Next Article in Journal
Discovery of Lactoferrin as a Stimulant for hADSC-Derived EV Secretion and Proof of Enhancement of Resulting EVs through Skin Model
Previous Article in Journal
Type 1 Diabetes Mellitus and the First Trimester Placenta: Hyperglycemia-Induced Effects on Trophoblast Proliferation, Cell Cycle Regulators, and Invasion
 
 
Article
Peer-Review Record

MPA_Pathway_Tool: User-Friendly, Automatic Assignment of Microbial Community Data on Metabolic Pathways

Int. J. Mol. Sci. 2021, 22(20), 10992; https://doi.org/10.3390/ijms222010992
by Daniel Walke 1,*, Kay Schallert 1, Prasanna Ramesh 2, Dirk Benndorf 1,3,4, Emanuel Lange 1, Udo Reichl 1,4 and Robert Heyer 1,2,*
Reviewer 1: Anonymous
Reviewer 2: Anonymous
Int. J. Mol. Sci. 2021, 22(20), 10992; https://doi.org/10.3390/ijms222010992
Submission received: 9 July 2021 / Revised: 2 October 2021 / Accepted: 6 October 2021 / Published: 12 October 2021
(This article belongs to the Section Molecular Informatics)

Round 1

Reviewer 1 Report

Walke et al. describe a web-based software application, the MPA_Pathway_Tool, to infer potential metabolic pathways among microbial community data (such as metagenomics & metaproteomics studies of microbiomes).    

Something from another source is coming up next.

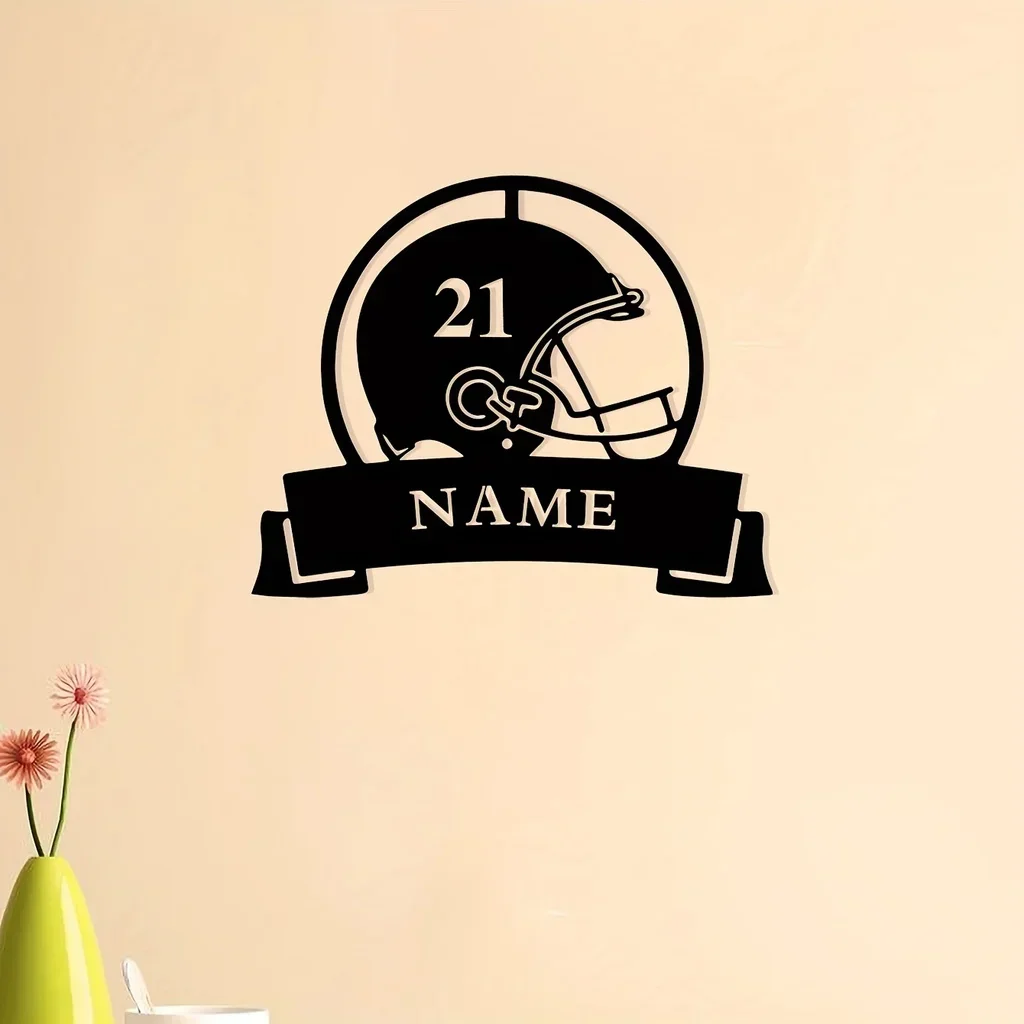 

CIFBUY Decoration 1pc Iron Art Silhouette American Football Helmet Name and Number Customized Home Decoration Metal Wall Hanging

As the authors have noted, this is an important research area which is often challenging for a variety of reasons.  The first factor-- which could perhaps be emphasized in the text a bit more-- is ease of use.  The MPA_Pathway_Tool appears to provide a simple method for end-users to interact with complex data tiers and multiple measurements.  

In addition, knowledge of microbial metabolism is a dynamically changing landscape and will continue to change with the suite of analytical technologies available to the scientific community.  While I was not able to directly access the web-page where the tool is hosted, I was able to see that the application's source code has been posted to Github.  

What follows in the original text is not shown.